Acting Forever!

            These last two weeks have been very emotional for me!!! After a year doing a part-time acting course at Mountview, last week, we had our last class and final performance on Thursday. Everyone was sad, nervous, anxious, excited or happy, a mixture of emotions which resulted in a very exiting play. The Chamber of Curiosities, directed by Tom Hescott and written by Tom Morton-Smith was warmly received and, thanks to the amazing audience, keeping the energy, the rhythm and the adrenaline of the play, ended up being automatic and simple. It's amazing to notice the effect an audience has in this moment of sharing, making theatre so unpredictable and scary as well. Same play, same actors same stage but a different room, different people, different energies and atmospheres.

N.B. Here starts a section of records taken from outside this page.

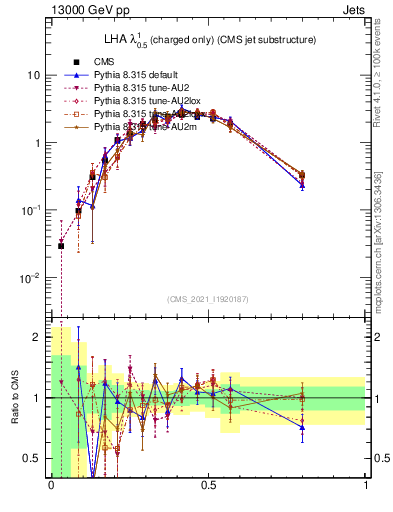 Plot of j.lha.c in 13000 GeV pp collisions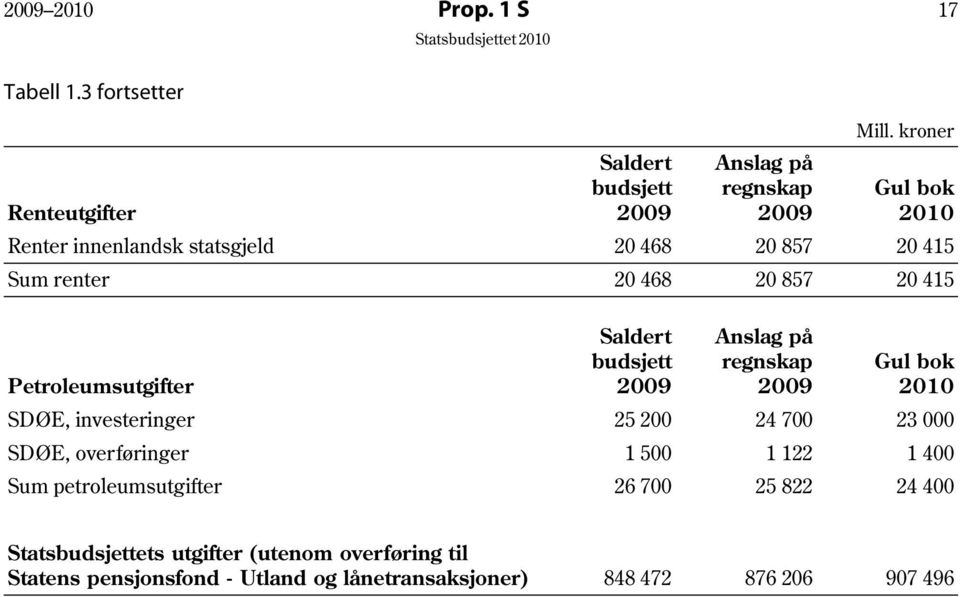 renter 20 468 20 857 20 415 Saldert Anslag på budsjett regnskap Gul bok Petroleumsutgifter 2009 2009 2010 SDØE, investeringer 25 200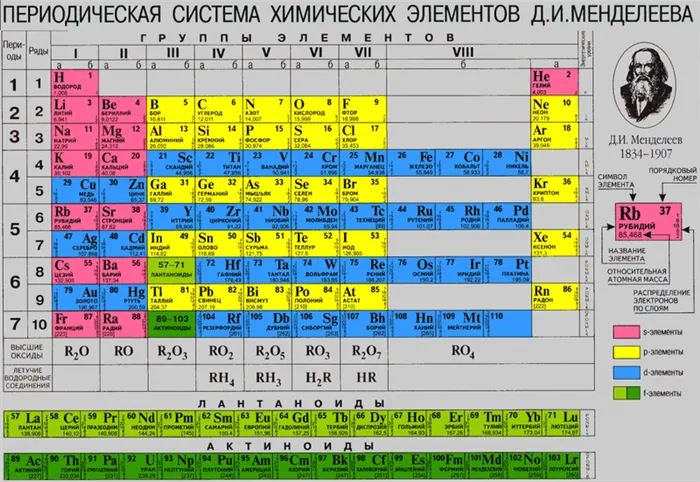 Периодическая таблица Менделеева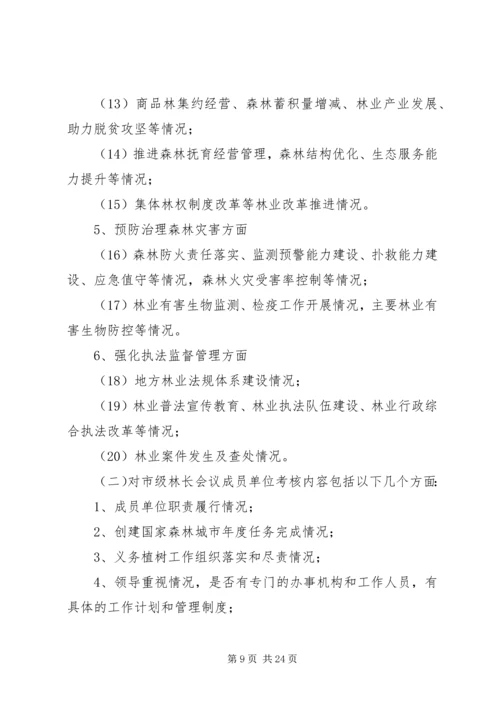 XX乡林长制乡级会议制度.docx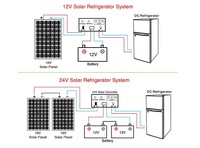 Réfrigérateur solaire 12V 24V réfrigérateur de véhicule RV Réfrigérateur solaire 138L 105L 50L réfrigérateur solaire DC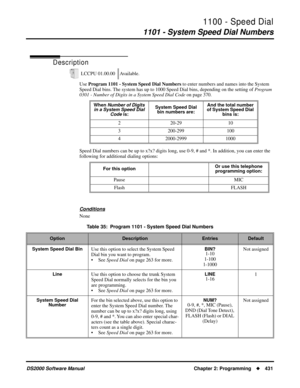 Page 4391100 - Speed Dial
1101 - System Speed Dial Numbers
DS2000 Software Manual Chapter 2: Programming431
1100 - Speed Dial
1101 - System Speed Dial Numbers
Description
Use Program 1101 - System Speed Dial Numbers to enter numbers and names into the System 
Speed Dial bins. The system has up to 1000 Speed Dial bins, depending on the setting of Program 
0301 - Number of Digits in a System Speed Dial Code on page 370.
Speed Dial numbers can be up to x?x? digits long, use 0-9, # and *. In addition, you can enter...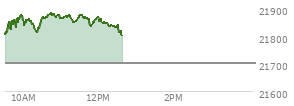 On September 05, 2025, the Nasdaq ended at 21700.388,  down 7.306 points or -0.03%, which was 160.05 points below the open, 165.66 points above the low of the day, and 178.42 points below the high of the day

Thank you everyone for helping us, our group, our team, giving our best with your empathy and interest.
          
               The course finished, but not the acting part! That will never stop. So me and my friend Ruth, we were shooting two scenes from plays and movies that we've being studying. It was an amazing exercise especially because we didn't have a big crew, just me, Ruth and my boyfriend who shot and directed us. This means that we have to find our characters clothing, the places to shoot, we have to pray not to be kicked out by any security, (for shooting without a permit against a public building), fight against the public noise and the unpredictable weather, light conditions, listen the technical advice regarding the positions, cameras and sound, and after that, just after that, we try to give a believable performance, which is hard considering that things don't really flow from the beginning to the end naturally. And even if they are flowing, even if you are really concentrating, believing and feeling, somehow you have to stop, because something completely external, like a dog barking for instance, demanded so.

               I do everything with pleasure and I feel completely alive when I am doing camera work. What I love the most about cameras is the intimacy of the relationship with them, how honest they can be, how simple and humble an actor needs to be to make peace with them. Cameras show you everything, things that we don't want to know, that we hate about us and love about us, it can kill us by making us self-conscious, they're dangerous in this aspect, but, how can we learn? Just facing the truth about us and accept it. Then things will become unconscious again, eventually.